And such plugin can simply be the Qt platform integration plugin, which in the case of the Plasma platform integration has KI18n in the set of linked and thus loaded libraries. This issue is currently reported indirectly via Bug 215837 – Nativ KDE QFileDialog changes translation

When it comes to the Qt platform integration plugin, the use of Q_COREAPP_STARTUP_FUNCTION when being invoked via such a plugin also shows some issue in the design of the Qt startup phase, resulting in the registered function being 2x called, in this case resulting in duplicated creation of translation handlers (reported as QTBUG-54479)

Qt5: no longer one single catalog for all Qt modules

Seems in Qt4 times there was one single catalog per language for all that made up the Qt framework. In Qt5 this no longer is true though, for each language now a separate catalog file is used per Qt module. There is some backward compatibility though which has hidden this for most eyes so far, so called meta catalogs (see Linguist docs). The meta catalog qt_ does not have translations itself, but links to the catalogs qtbase_, qtscript_, qtquick1_, qtmultimedia_ and qtxmlpatterns_ (see yourself and open /usr/share/qt5/translations/qt_ll.qm, with ll your language code, e.g. de, in your favorite hex editor).

So applications which use further Qt modules, directly or indirectly, need to make sure themselves to get the respective catalogs loaded and used. Which gets complicated for those used indirectly (via plugins or indirectly linked as implementation detail of another non-Qt lib). There seems no way to know what catalogs are loaded already.

This might be important for programs from KDE using QtQuick Controls, given there exist qtquickcontrols2_*.qm files with some strings. Yet to be investigated if those catalogs are loaded via some QML mechanism perhaps, or if some handling is needed?
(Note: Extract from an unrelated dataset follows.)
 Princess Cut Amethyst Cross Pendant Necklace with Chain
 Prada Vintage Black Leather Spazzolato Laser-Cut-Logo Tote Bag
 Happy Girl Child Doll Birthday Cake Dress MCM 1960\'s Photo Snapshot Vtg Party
Juggling with catalogs on release time

The catalogs with the string translations for KDE software are maintained and developed by the translators in a database separate from the actual sources, a subversion system, partially for historic reasons.
When doing a release of KDE software, the scripts used to generate the source tarballs then do both a checkout of the sources to package as well as iterating over the translation database to download and add the matching catalogs.
KDE Frameworks extends this scheme by adding the snapshot of the translations in a commit to the source repository, using a tagged git commit off the main branch.

Issues seen:

  • which catalogs to fetch exactly based on fragile system, not exactly defined
  • which version of the database the fetched catalogs are from is not noted, tarball reproducibility from VCS not easily possible (solved for KF)
  • script accidentally added catalog files used internally by KDE translation system for in-source translations (fixed meanwhile)
  • script accidentally added by-product of translation statistic (fixed meanwhile)